Cette liberté n’exclut cependant pas les mauvaises rencontres, des relous qui s’étonnent “qu’une femme voyage sans son copain” aux mecs plus malveillants qu’elle doit fuir en pleine nuit. “Je n’ai pas envie de revivre ça et surtout, que d’autres subissent ça”, soupire notre interlocutrice qui, forte de cette expérience, a déserté un CDI afin de se consacrer à fond “à un projet qui aide les femmes”: La Voyageuse.
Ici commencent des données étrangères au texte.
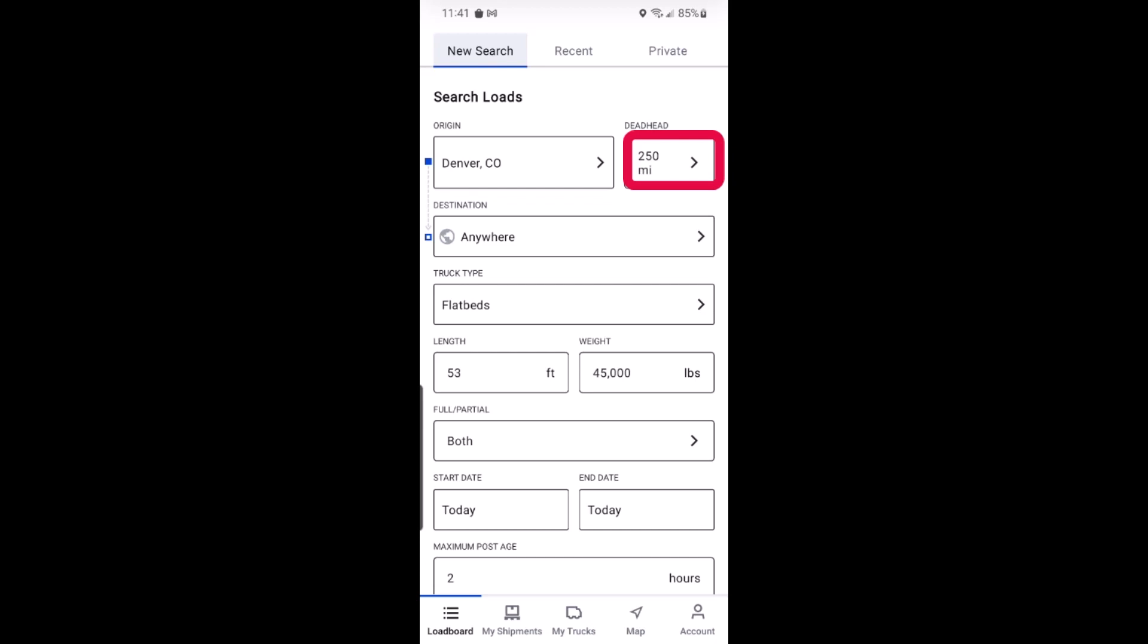Next you'll select your deadhead miles, which indicates how many miles you are willing to drive empty to pick up a load.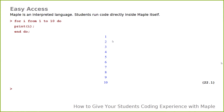Easy access is another benefit. It's easy to start writing code in Maple — it's an interpreted language. Students can run code directly inside Maple itself. For example, a simple for loop 'for i from 1 to 10 do print(i) end do' runs immediately. Students don't have to worry about setting up compilers or complex programming environments. You can literally just open Maple and be programming and getting results back right away, mixing and matching clickable approaches and coding approaches as needed.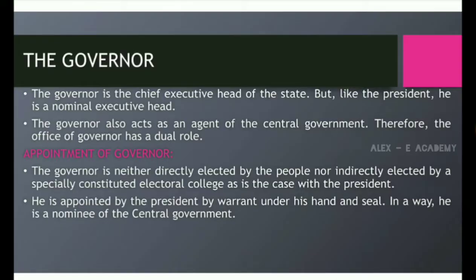Appointment of Governor. The Governor is neither directly elected by the people nor indirectly elected by a specially constituted Electoral College, as is the case with the President. He is appointed by the President by warrant under his hand and seal. In a way, he is a nominee of the Central Government.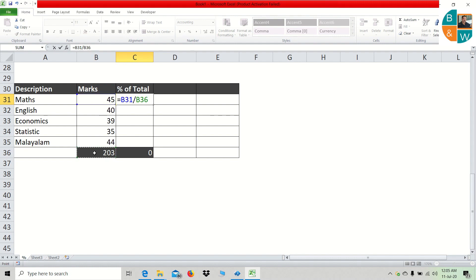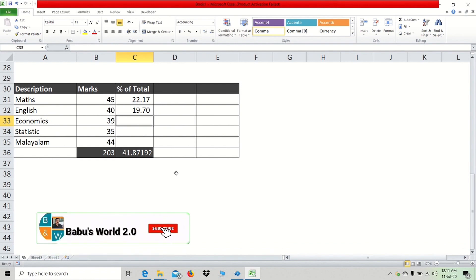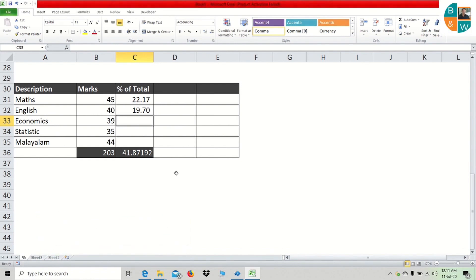We will cover three things: we will divide the percentage in the percentage, divide the percentage by 100, and cover reverse calculation.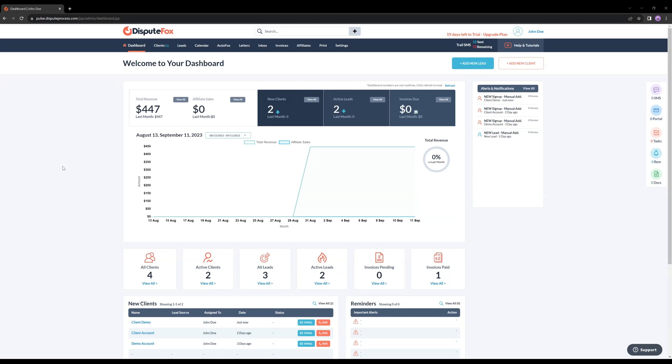Welcome to Dispute Fox, where we are excited to introduce a fantastic new feature tailored to our new clients who are transitioning to our platform and wish to bring their historical credit data with them. Let's explore this feature together.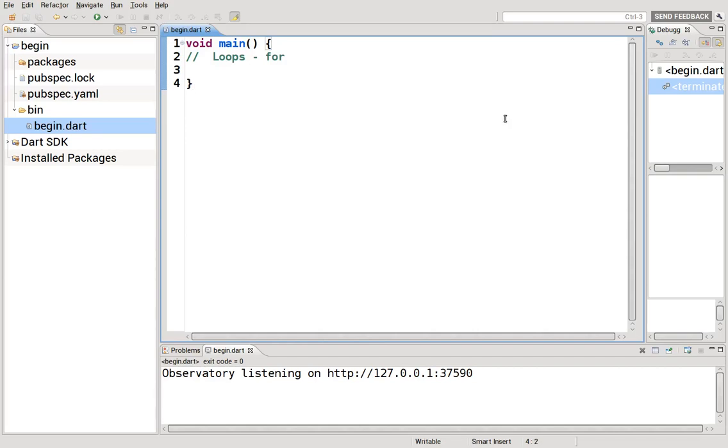Hi everyone, this is Richard. In this video we are going to go over loops. There are basically two main types of loops and we are going to go over the for loop today. When you think about life, how many loops we have in life?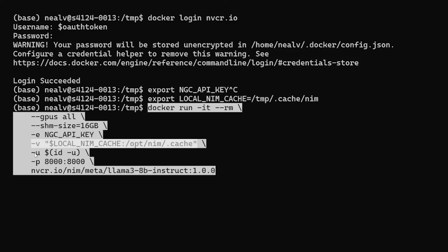Next, we're specifying that the NIM should run as our local user. Finally, here we're exposing the port 8000 from inside the container to the outside. That's the main port where we'll be sending all of our HTTP requests in order to interact with the running NIM.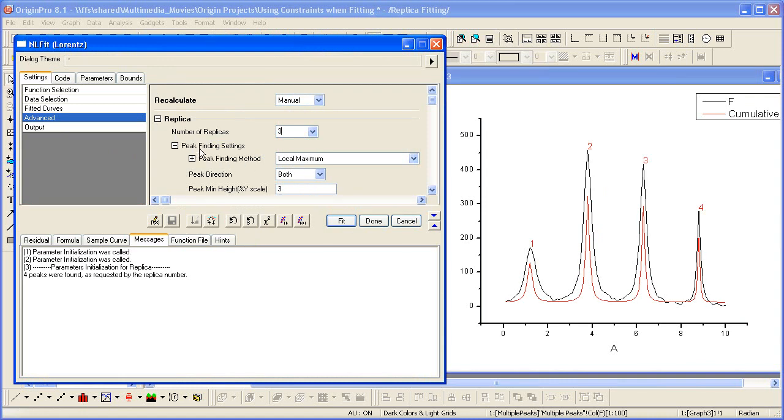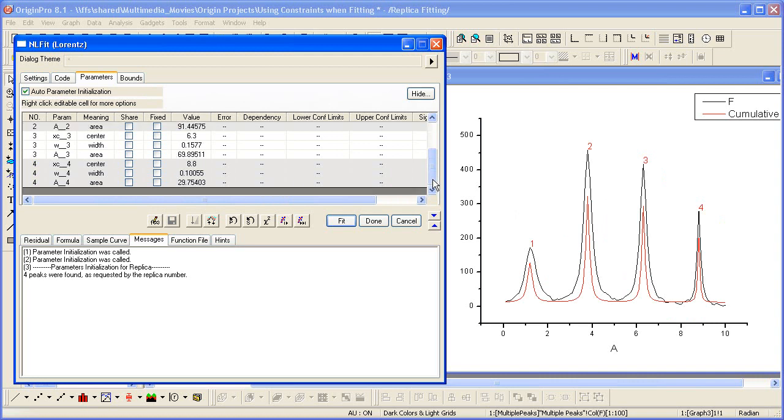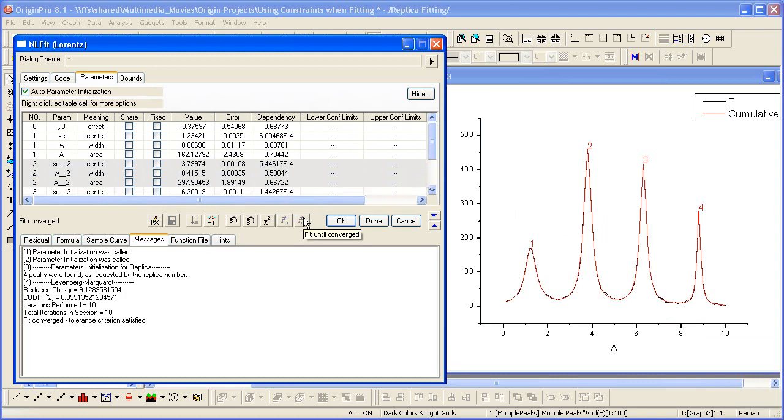Based on these peak finding settings here, notice that Origin automatically found all four peaks. Then if I go to the parameters tab, this means that all four sets of parameters here have been initialized. So again, let's fit until converged.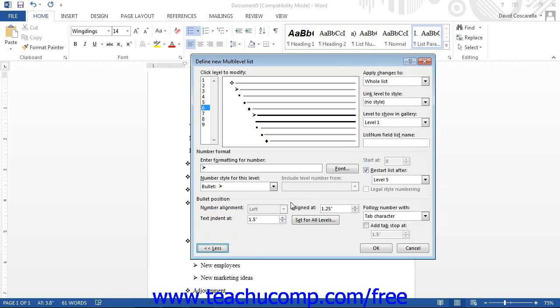You can then set any of the additional advanced options that appear in the expanded section if required for your new list.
Un espace sécurisé où interagissent voyageuses et hébergeuses, idéal pour encourager celles qui ont trop peur que leur trip se termine comme Into The Wild.
“Une femme doit pouvoir voyager comme un homme”
Sur le site de La Voyageuse, les globe-trotteuses souscrivent à un abonnement annuel de 119 euros afin d’accéder à la liste des hébergeuses et connaître leurs disponibilités. Christina Boixière leur recommande de faire connaissance avant une rencontre IRL. Pour être hébergeuse, il suffit de créer son profil, télécharger sa carte d’identité, attendre la vérification du staff et exprimer ses aspirations lors d’un entretien téléphonique. D’une grande fiabilité, ce suivi corrige les travers de services comme Airbnb, trop impersonnels aux yeux de l’instigatrice. Elle-même a eu l’occasion d’accueillir 70 personnes à Taiwan, en Angleterre, en France. Certaines, dépressives, cherchaient juste une oreille attentive. C’est là l’idée de ce réseau: chaque voyage en solo se raconte par les histoires que l’on partage tous ensemble.
© La Voyageuse
En tant que Taïwanaise, Christina Boixière sait que le regard étranger est dur à apprivoiser. “Les gens pensent que nous sommes toutes timides et hypocrites, à sourire en permanence”, rit-elle. Rencontrer l’autre permet de balayer ces clichés. Un face-à-face que l’entrepreneuse place sous le signe de la sororité. “La présence d’une autre femme est rassurante. La solidarité féminine est une force”, se réjouit-elle, désireuse d’ériger sa plateforme en “véritable communauté” où les liens qui se tissent sont faits pour durer. Et ça marche: le site dénombre pas moins de 400 hébergeuses. Elles ont entre 20 et 65 ans, vivent seules, en couple, en famille, sont citoyennes de longue date ou bien expatriées. Par leur bienveillance, elles portent sur elles ce défi humaniste: “Une femme doit pouvoir voyager comme un homme.”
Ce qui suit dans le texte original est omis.